Any insight from you clowns would not only be appreciated but a huge fucking shock, as well!
I have two major problems here: 1. When I quit smoking cigarettes I can't fuck. That means that if I don't smoke all day, or for two days, I can not service a woman. It's supposed to be cigarette chemicals attack your blood vessels including your cock, right? And they rob your blood of oxygen, less stamina, constrict the veins, make everything bad, right? Well if I don't smoke I can't fuck.
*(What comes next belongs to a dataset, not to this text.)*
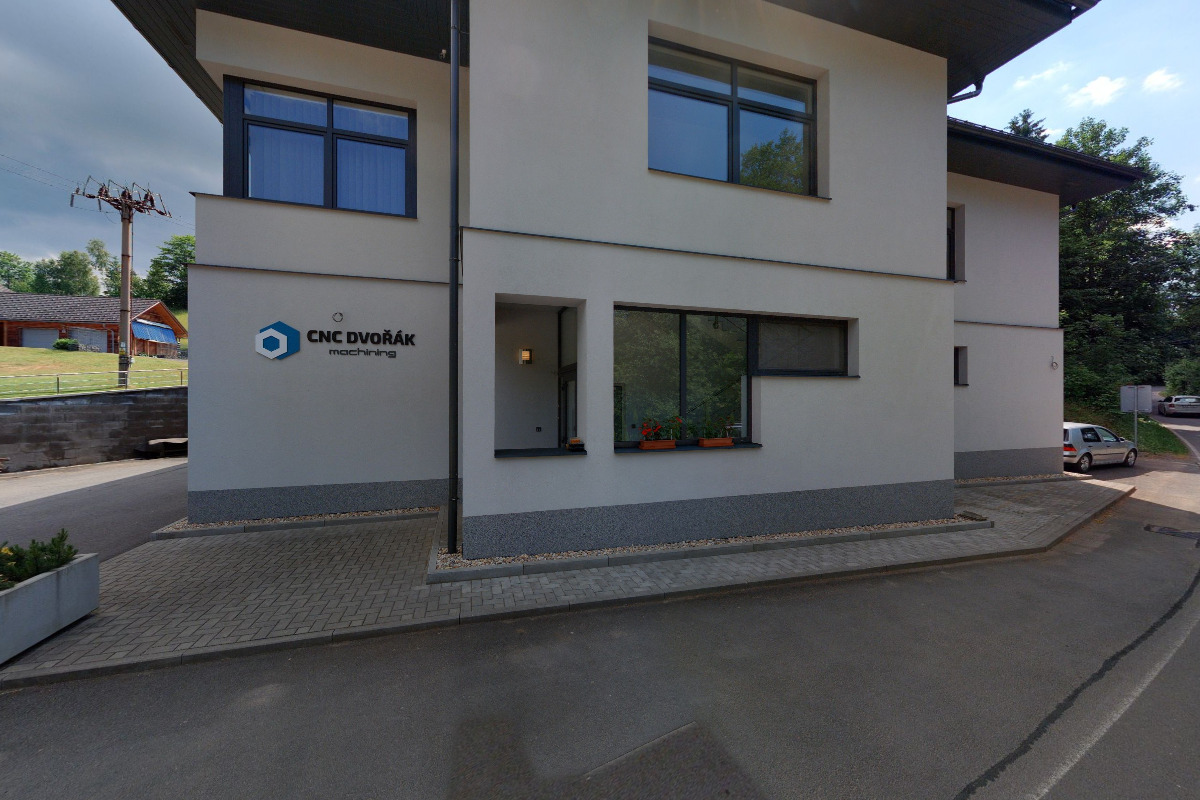 CNC Dvořák, s.r.o.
That's the #1 reason I haven't been able to get away from cigarettes. It's scary when you can't fuck, well it is for me. I thought at first it was because withdrawl caused stress and stressed caused my cock to be broken but that's not it.. for some reason if I don't smoke I can't fuck. WHAT THE FUCK IS GOING ON HERE? 2. I have to be drunk to do business. I hardly EVER drink anymore. And I don't do anything. I barely have enough money every day I'm scraping by .. barely .. and it's because I am always sober. I don't have to work, I've never taken ten cents in assistance like most assholes around her, but I don't have anything either. When I'm drunk I think and I do. I'm aggressive, focused and I get shit done. The problem is also that when I am drunk I fuck up and act like a pathetic idiot. I scream and cry and break things and scare people and try to scare people who I really shouldn't try to scare. It all has horrible results. HOW IN THE FUCK DO YOU SOLVE THESE TWO PROBLEMS?!?! IF ANYONE HAS ANY IDEA PLEASE LET ME KNOW.. MY IQ IS IN THE ONE SIXTIES AND I SEEM TO BE ABLE TO SOLVE PROBLEMS FOR EVERYONE BUT ME,, AND THAT PISSES ME OFF!! THIS WHOLE FUCKING FAMILY COMES TO ME WITH THEIR PROBLEMS AND WHEN I HAVE ONE I GO TO ME, TOO.. GRRRRRRR |
Get drunk, smoke and take care of fucking business!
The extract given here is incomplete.